In [None]:
import pandas as pd
from transformers import pipeline

# Load the dataset (with 'talks_about' column already present)
df = pd.read_csv("classified_car_reviews.csv")

# Initialize the sentiment analysis pipeline
sentiment_analyzer = pipeline("sentiment-analysis", model="distilbert-base-uncased-finetuned-sst-2-english")

# Function to classify sentiment and add percentage confidence
def detect_sentiment_with_score(text):
    try:
        result = sentiment_analyzer(text)[0]
        sentiment = result['label']  # 'POSITIVE' or 'NEGATIVE'
        score = result['score']  # Confidence score for the sentiment
        return sentiment, round(score * 100, 2)  # Return sentiment and percentage
    except Exception as e:
        return "error", 0

# Apply sentiment analysis and add confidence percentage
df[['sentiment', 'sentiment_percentage']] = df['Review'].apply(
    lambda x: pd.Series(detect_sentiment_with_score(x))
)

# Save the updated dataset
df.to_csv("updated_car_reviews_with_sentiment_and_percentage.csv", index=False)

# Print confirmation
print("Dataset updated with sentiment and percentages saved as updated_car_reviews_with_sentiment_and_percentage.csv.")


The distilbert-base-uncased-finetuned-sst-2-english model, used via the sentiment-analysis pipeline, is a highly reliable tool for sentiment analysis. This model is fine-tuned on the Stanford Sentiment Treebank (SST-2) dataset, which is a benchmark dataset for sentiment classification tasks. Its architecture, based on DistilBERT, is a lighter and faster version of BERT, making it efficient without sacrificing much accuracy. This model is capable of classifying text into positive and negative sentiments with high precision, making it suitable for analyzing customer reviews, social media posts, and other user-generated content. Its ease of integration with the Hugging Face Transformers library allows for seamless application in a wide range of domains.
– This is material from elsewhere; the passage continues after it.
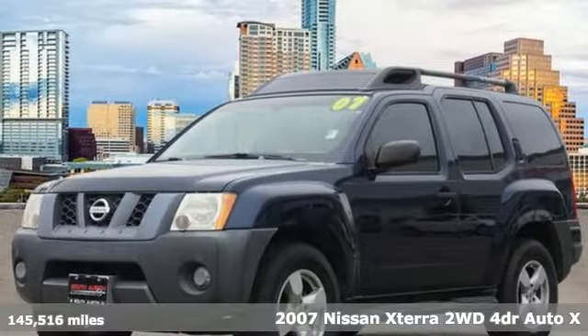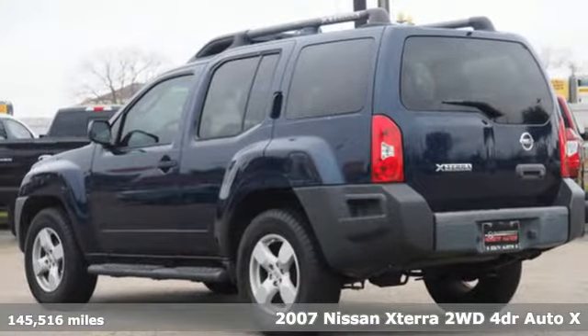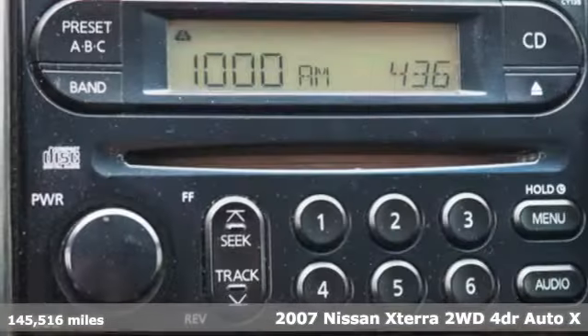It's a 2007 Nissan Xterra. Adventures in its DNA, the off-road capabilities and rugged styling take you along for the ride.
The sentiment-analysis pipeline is particularly useful for real-time sentiment monitoring and feedback loops, given its fast inference time and robust performance on English text. It is ideal for businesses looking to understand customer feedback, perform brand sentiment analysis, or monitor social media trends. Its pre-trained nature eliminates the need for task-specific fine-tuning, making it accessible for projects with limited labeled data or resources. Additionally, its lightweight DistilBERT architecture ensures that it can be deployed on devices with constrained computational capabilities while maintaining reliableÂ performance.